DATA:
----------

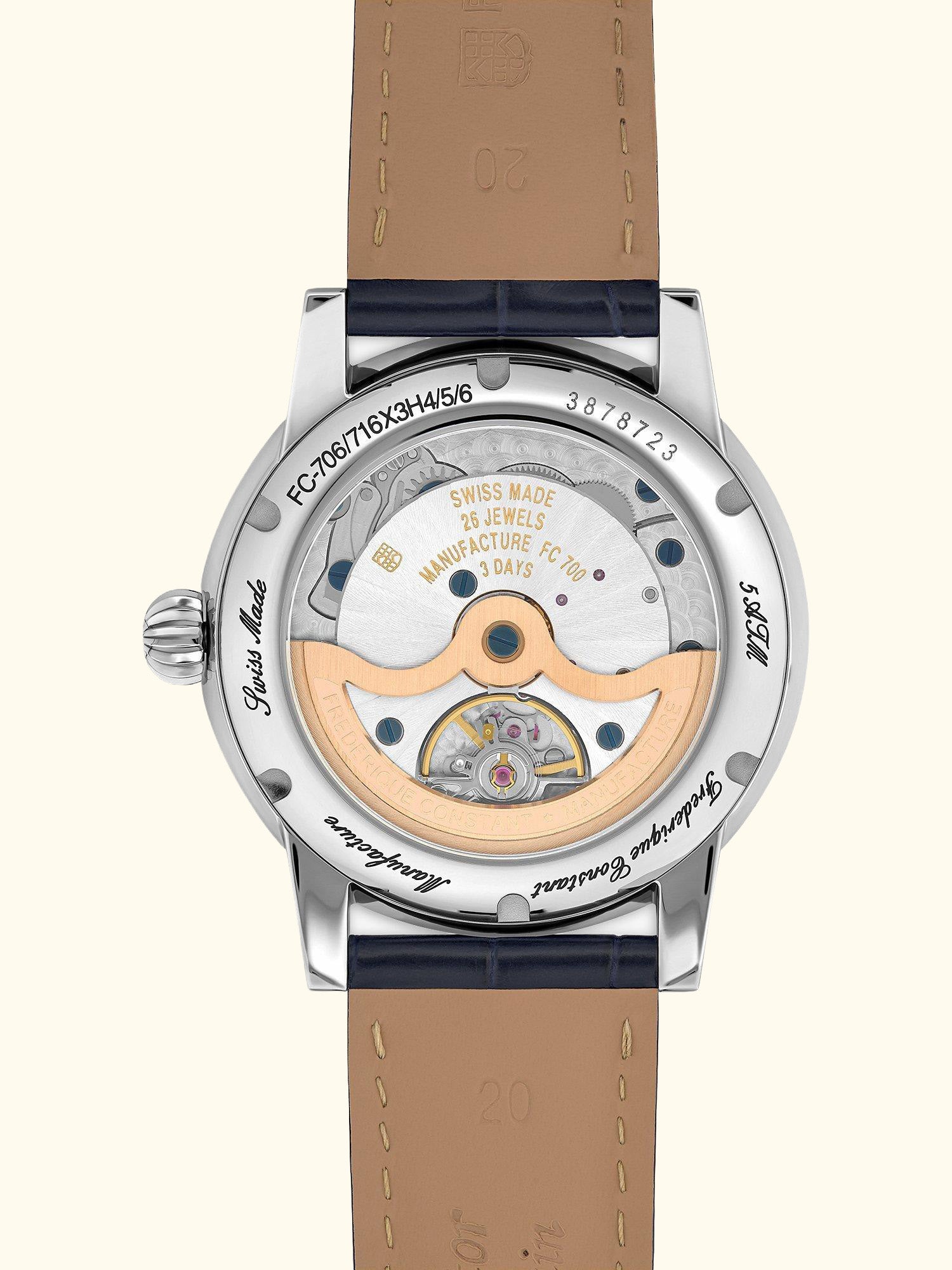 FC-706S3H6 Classic Date Manufacture Sports Leather Strap Watch, Silver/Blue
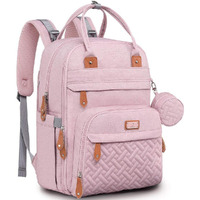 Babbleroo Diaper Bag Backpack, Nappy Changing Bags Multifunction Waterproof Travel Back Pack With Changing Pad & Stroller Straps & Pacifier Case, Unisex And Stylish (Pink)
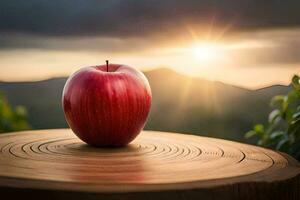 un manzana se sienta en parte superior de un de madera mesa con el Dom ajuste detrás él. generado por ai foto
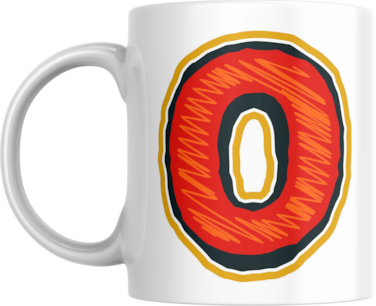 Decorative Letter Coffee Mug With Alphabet Initials Printed on Front Side, 11 oz, Gift for Man or Woman, Colleague, Friend, Sister, Brother, For Birthday, Home, Office (O)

----------

ACTIVITY:
From the first line above to the line containing "un manzana se", repeat each line exactly. Pictures stay out.

ANSWER TO THE EXERCISE:
 FC-706S3H6 Classic Date Manufacture Sports Leather Strap Watch, Silver/Blue
 Babbleroo Diaper Bag Backpack, Nappy Changing Bags Multifunction Waterproof Travel Back Pack With Changing Pad & Stroller Straps & Pacifier Case, Unisex And Stylish (Pink)
 un manzana se sienta en parte superior de un de madera mesa con el Dom ajuste detrás él. generado por ai foto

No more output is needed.